_PROBLEM REQUIREMENTS_
Once you find the line below that has "Living room with", output it and every line after it exactly, stopping after the line that has "Le labyrinthe de", with no pictures.

_DATA EXCERPTS_
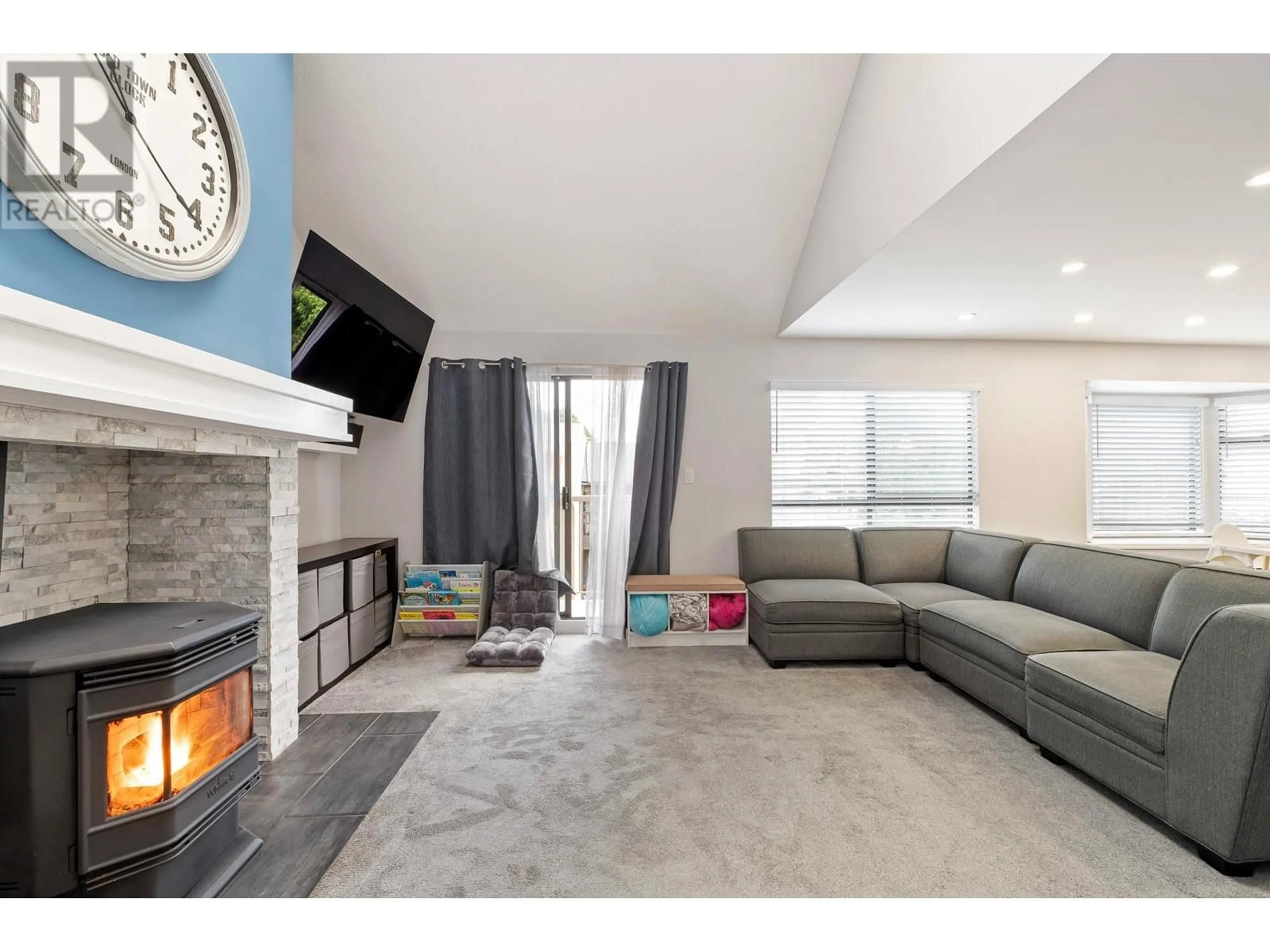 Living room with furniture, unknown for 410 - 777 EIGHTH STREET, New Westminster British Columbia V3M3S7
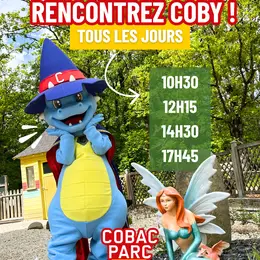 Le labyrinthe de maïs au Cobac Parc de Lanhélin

==

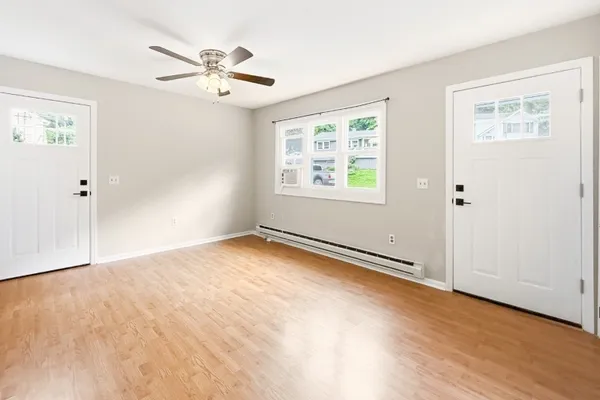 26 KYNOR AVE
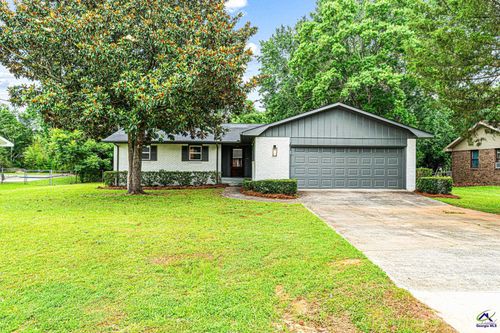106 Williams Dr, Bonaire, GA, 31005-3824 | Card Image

_ANSWER SPACE_
 Living room with furniture, unknown for 410 - 777 EIGHTH STREET, New Westminster British Columbia V3M3S7
 Le labyrinthe de maïs au Cobac Parc de Lanhélin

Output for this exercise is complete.